* **WHAT THE TASK REQUIRES**: Pictures are to be left out; every line from the one that holds "Nesprin 1 Antibody" to the end of the data is to be retyped exactly.

* **DATA EXTRACT**:
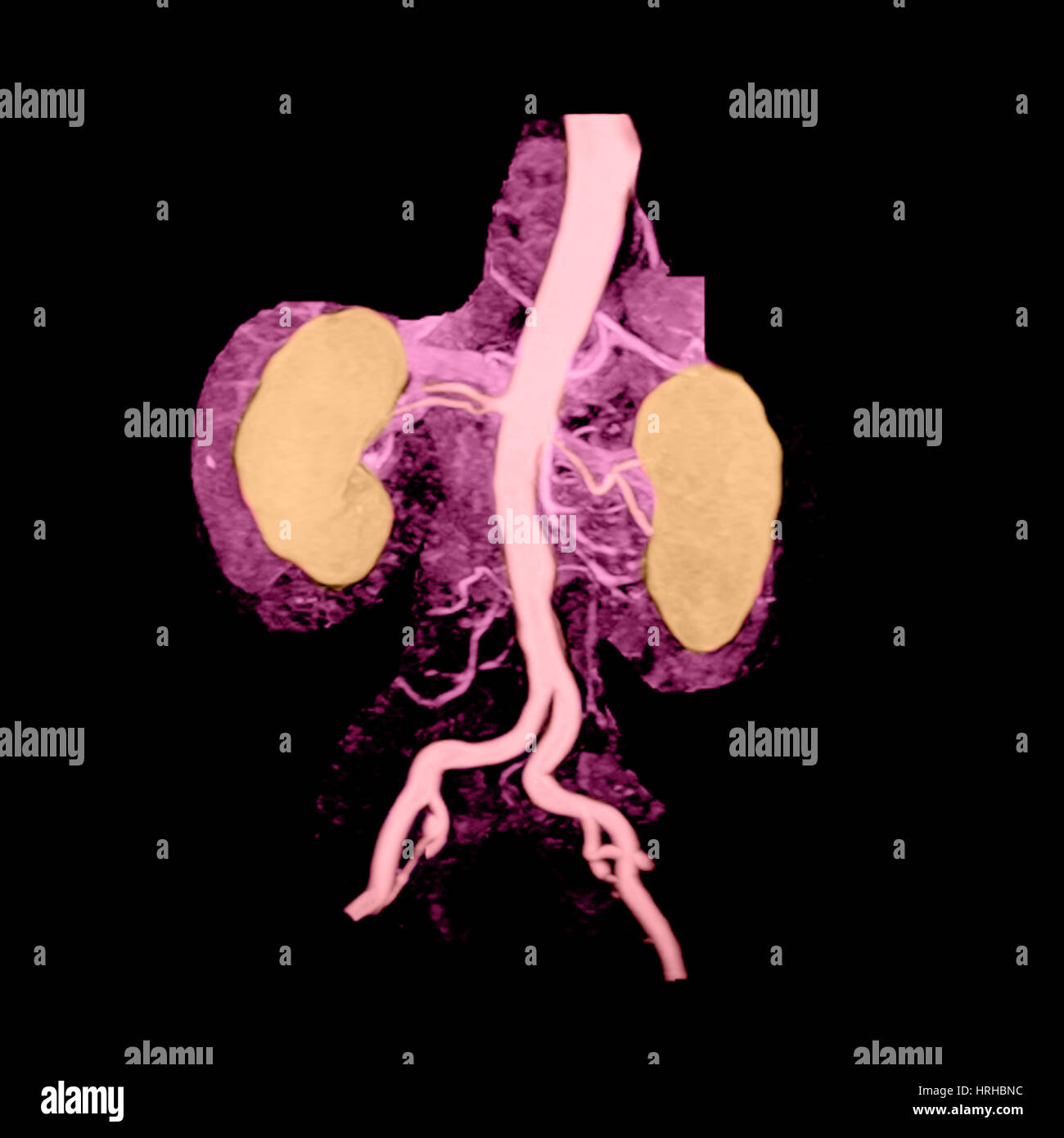 Aorta addominale e i reni Foto Stock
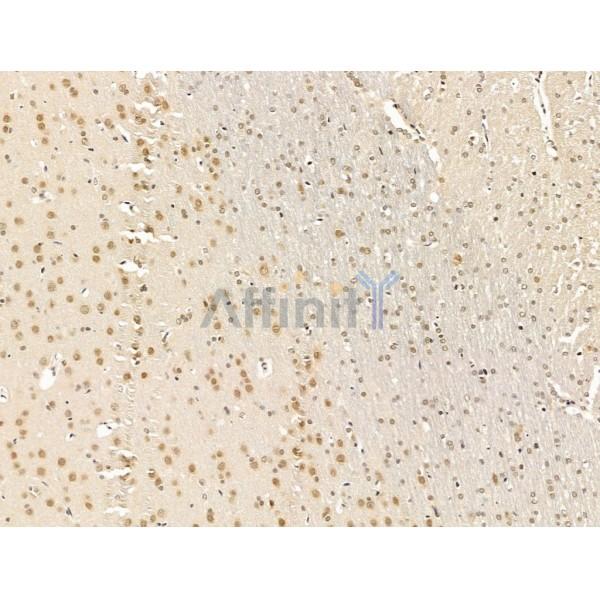 Nesprin 1 Antibody - DF13608 at 1/100 staining Rat brain tissue by IHC-P.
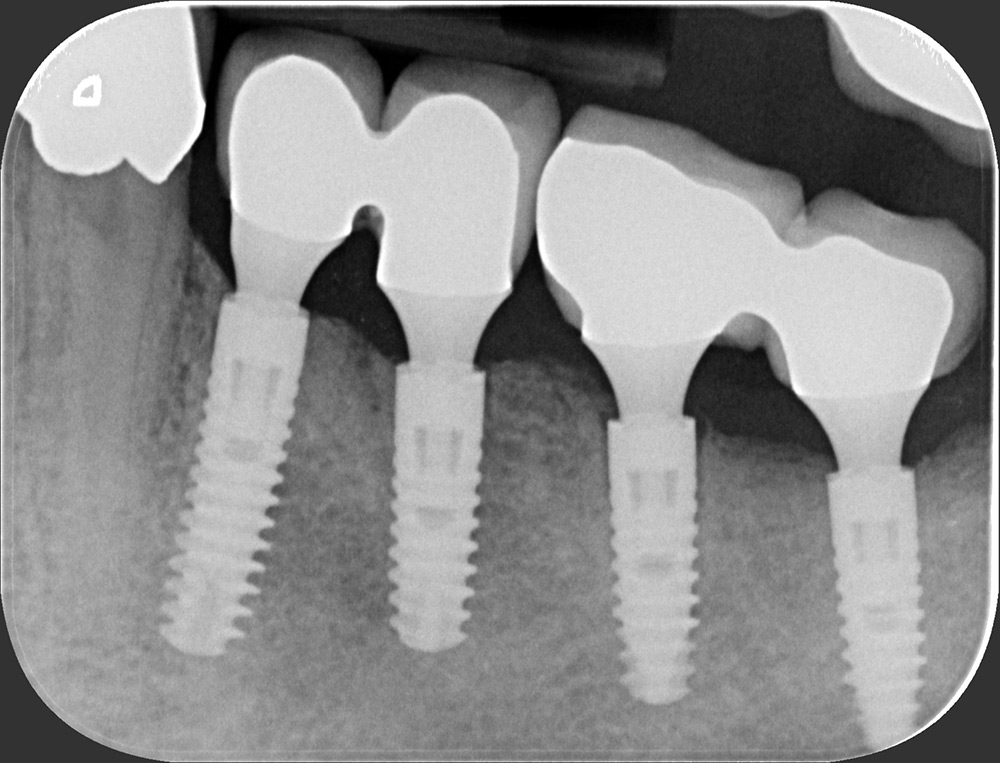 Zahnarztpraxis Heise, Röntgenbild einer Implantat-Versorgung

* **TASK OUTPUT**:
 Nesprin 1 Antibody - DF13608 at 1/100 staining Rat brain tissue by IHC-P.
 Zahnarztpraxis Heise, Röntgenbild einer Implantat-Versorgung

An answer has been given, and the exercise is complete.